A recent study from the University of Bonn and LMU Munich challenges this idea. The results are also important because gene switches are thought to play a central role in evolution. The study is published in the journal Science Advances.
The blueprint for the form of plants and animals is encoded in their DNA. But only a small part of the genome—about two percent in mammals—contains genes, the instructions for making proteins. The rest essentially controls when and where these genes are active: how many copies of them are made and thus how many proteins are made from these copies.
Some of these regulatory sequences, called “enhancers,” work like the dimmer switches we use to modulate the lighting in our living rooms. In effect, they specifically increase the expression of a particular gene, where and when that gene is needed. Genes that control morphology often respond to several independent enhancers, each determining gene expression in a different part of the body.
Drosophila color-controlling enhancers
Until now, enhancers were thought to be modular. The term implies that each enhancer occupies a discrete stretch of DNA.
"But we have shown that this is not entirely true," explains Mariam Musseridze. She is a Ph.D. student at the Bonn Institute of Organismic Biology in the team of Professor Dr. Nicholas Gompel and the first author of the study.
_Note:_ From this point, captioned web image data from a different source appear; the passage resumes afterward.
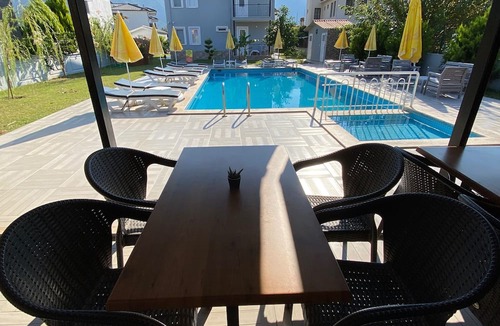 Dalyan House | Erken Apart
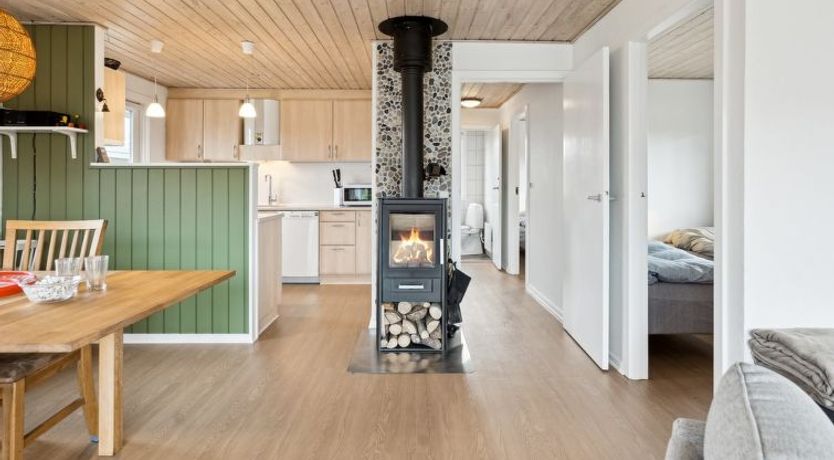 Photo of "Severine" - 650m from the sea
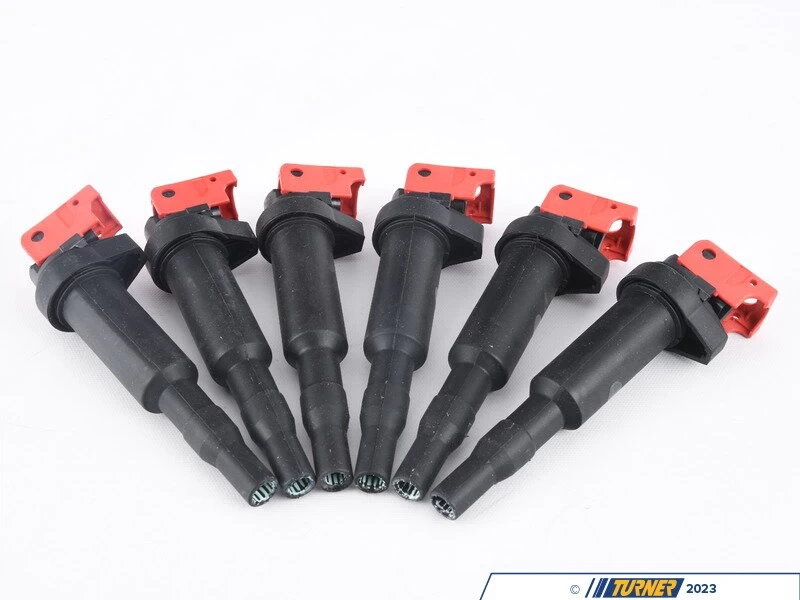 High-Performance Ignition Service Kit - BMW M54 (Late Models) 4 High-Performance Ignition Service Kit - BMW M54 (Late Models) - Image 2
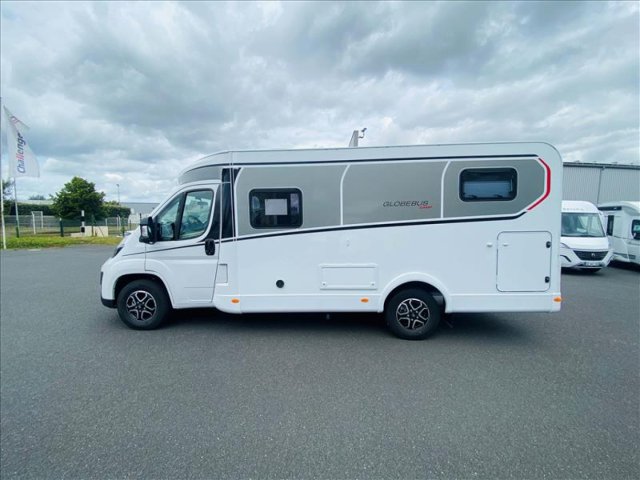 Dethleffs Globebus T 4 T4 - Photo 5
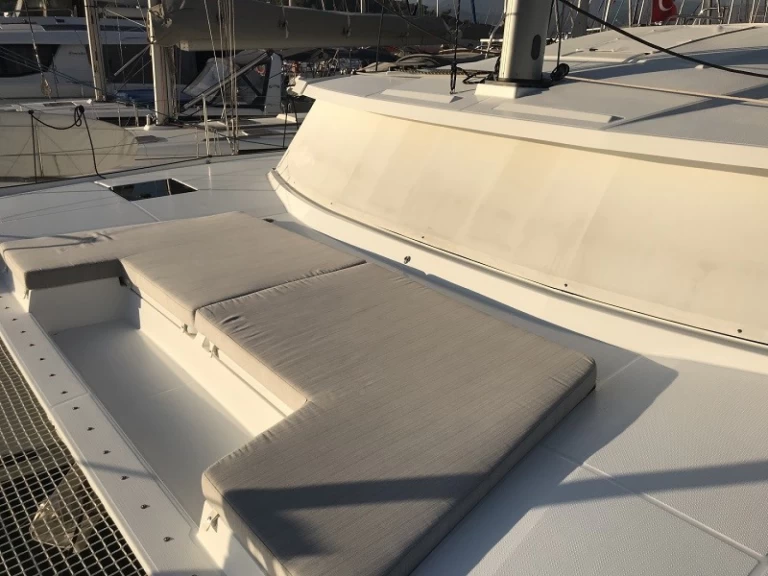 Louez un Fountaine Pajot Astrea 42 à Fethiye
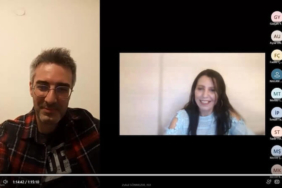 Dijital Medya Okuryazarlığı Dersinde Dijital Markalaşma Konuşuldu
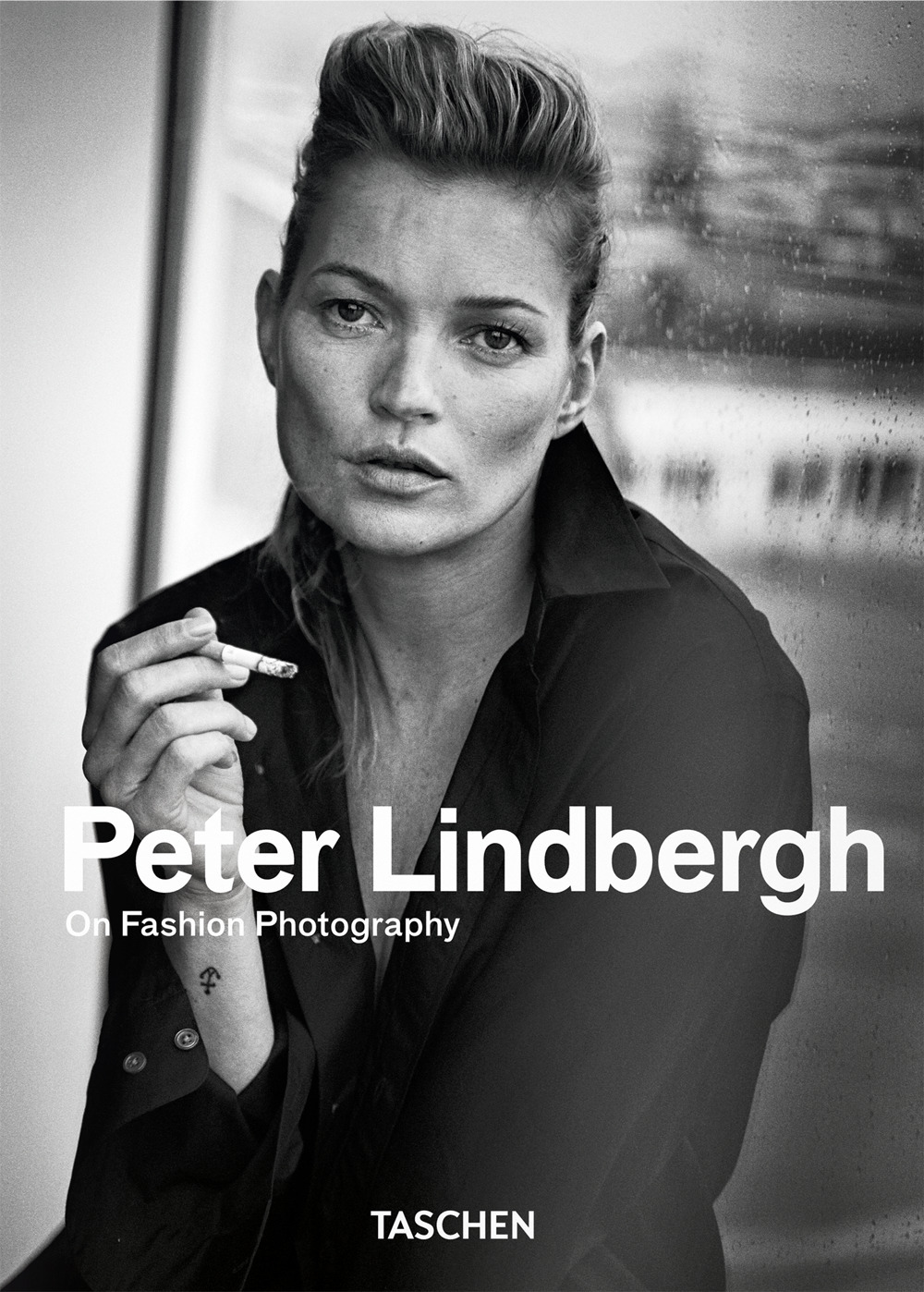 Libro Peter Lindbergh. On fashion photography. 45th Ed. Ediz. inglese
Gompel is a member of the Transdisciplinary Research Area (TRA) "Life and Health" at the University of Bonn.
The researchers studied how a gene called turmeric is regulated in the fruit fly Drosophila. This gene makes the insect produce brown melanin. There are many enhancers that control the activity of turmeric. One of them, for example, is responsible for the pigmentation of maggots' teeth, while another is responsible for the formation of striped patterns on the fly's abdomen.
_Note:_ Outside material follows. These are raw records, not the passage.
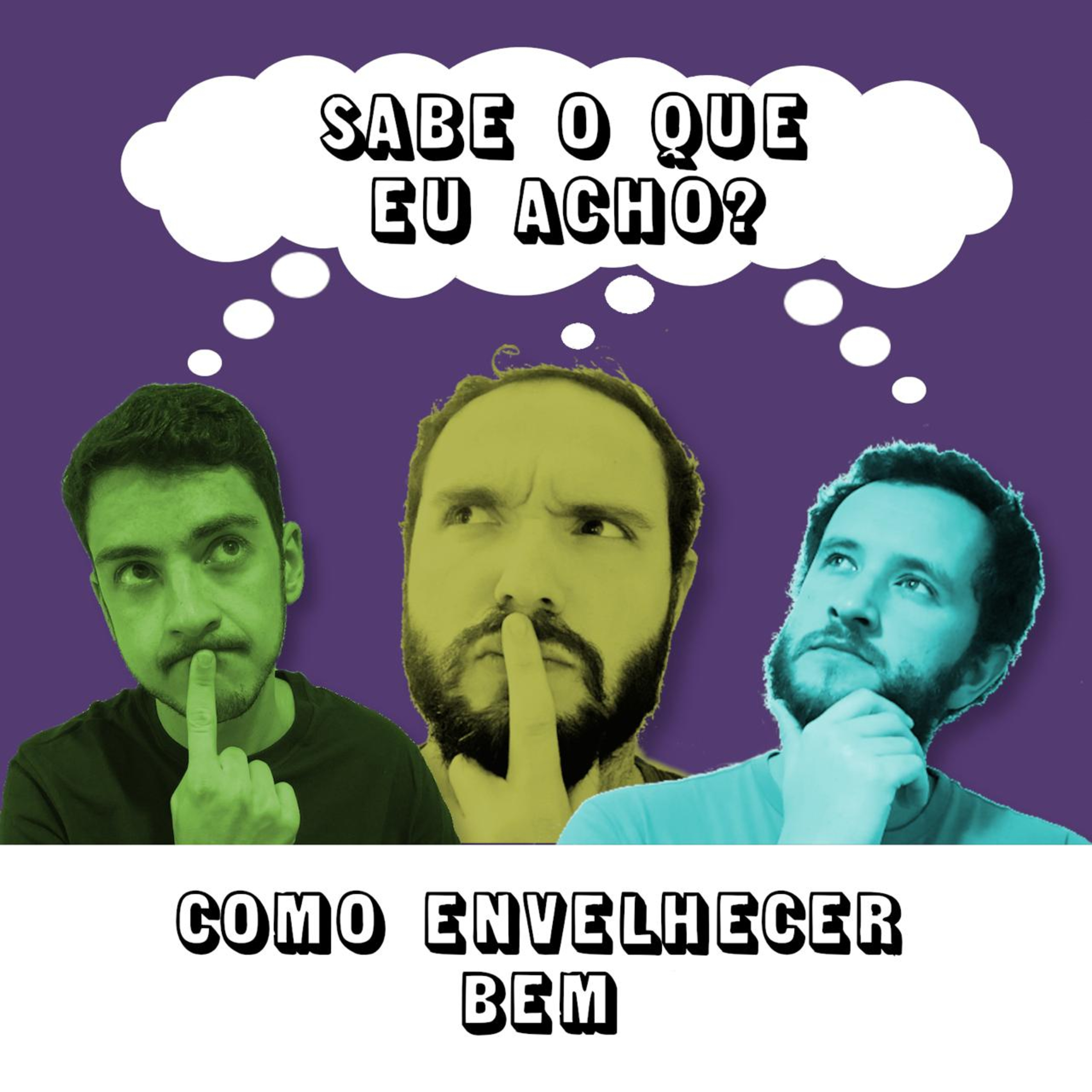#026 - Como envelhecer bem?
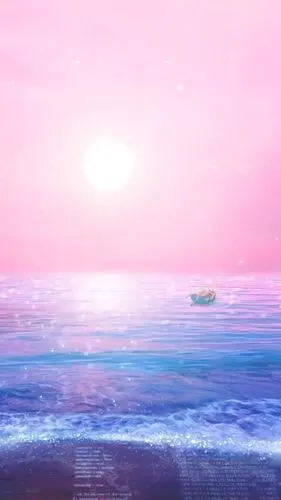 唯美女生图片也有背景图从百度上搜的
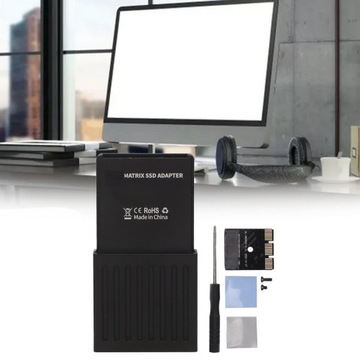 Adapter CFexpress na M.2 SSD dla Xbox Series X S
"We took a closer look at these two enhancers," says Musseridze.
The first controls the formation of the color pattern on the wings, the second controls the color of the head, thorax and abdomen. Both are active at the same time during the fly's metamorphosis. The team discovered that the body enhancer is not located in a different region of DNA from the wing enhancer, as expected.
Instead, there are broad regions of DNA that belong to both gene switches, meaning they affect pigmentation of both wings and the body.
The results suggest that the architecture of regulatory sequences in the genome is much more complex than previously thought. This has far-reaching implications for how traits change during evolution. According to current knowledge, enhancers play a key role in this process.
This is because many proteins are so important for an organism that a mutation in their genes (that is, the DNA sequence that contains the instructions for making a protein) can cause serious problems or even certain death. As a result, genes that control body shape, such as the number of wings or legs, have changed very little during evolution. Enhancers offer a way out of this dilemma: when they mutate, the activity of the corresponding gene changes, but only in a specific tissue and at a specific time.